New Series: Simple Secrets to Success From Execs Who Know
WashingtonExec reached out to area executives to gain insight and share local “secrets to success” stories.
Jonathan Aberman is the founder and Managing Director of Amplifier Ventures. He is also the president of FouderCorps, an organization catered towards the technology entrepreneur community in the Washington, D.C. Metropolitan area.
Here is Aberman’s “winning strategy”:
For me the biggest issue for anyone is to find a definition of “success” that works for them. The happiest people I know are folks that have achieved success on their own terms, and are able to use it as a touchstone for the rest of their lives. Success for them is a home base that everything else grows out of.

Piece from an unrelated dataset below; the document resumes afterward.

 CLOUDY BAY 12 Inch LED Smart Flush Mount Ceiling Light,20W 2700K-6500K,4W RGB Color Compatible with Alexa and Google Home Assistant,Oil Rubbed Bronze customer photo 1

Some jobs or life roles bring with them accompanying definitions of success, so before taking on a life role or job you should be aware of what that entails. A great teacher finds success in the growth of his students. Parenting success is often defined by how independent our children become, or how professionally successful they become. If you look around you, just about every role that you play brings with it definitions of success. This means to me that you need to be aware of “what is expected” and shape your expectations to those inherent definitions.
Very early in life our personalities are set. We adopt what I like to call our “winning strategy,” the behavior patterns that get us what we want. For most of us as we go through life we repeat these patterns when we face challenges, change or difficulties. Successful individuals have a way of surrounding themselves with people and opportunities that play to their winning strategies. If you imagine Steve Jobs as a difficult nursery school student, you get what I mean.
A common measurement of success in our society is the accumulation of wealth. I’ve seen many people achieve wealth and not be happy, and I have seen others become wealthy and be very happy indeed. My conclusion is that wealth makes a person more of who they are, but it doesn’t change them. Success ultimately is something that is described by each of us in our own way, and is really a feeling of accomplishment and satisfaction. The most successful people I know are happy in their own skin.
In the early days of Amplifier Ventures, Bob Smith — one of my first portfolio company CEOs — gave me some great advice. The happiest entrepreneurs were the ones that understood that they most likely would never be filthy rich, but got their satisfaction from autonomy and influencing the world around them. Bob has been a successful entrepreneur, by any objective estimation, but I think that his advice is the best possible one that entrepreneurs could get. Forget about money as a way to keep score and focus on the entrepreneurial journey. Success will follow from that.
*Featured in the 10/17 edition of the Fairfax County Economic Development Authority online magazine E-Bird.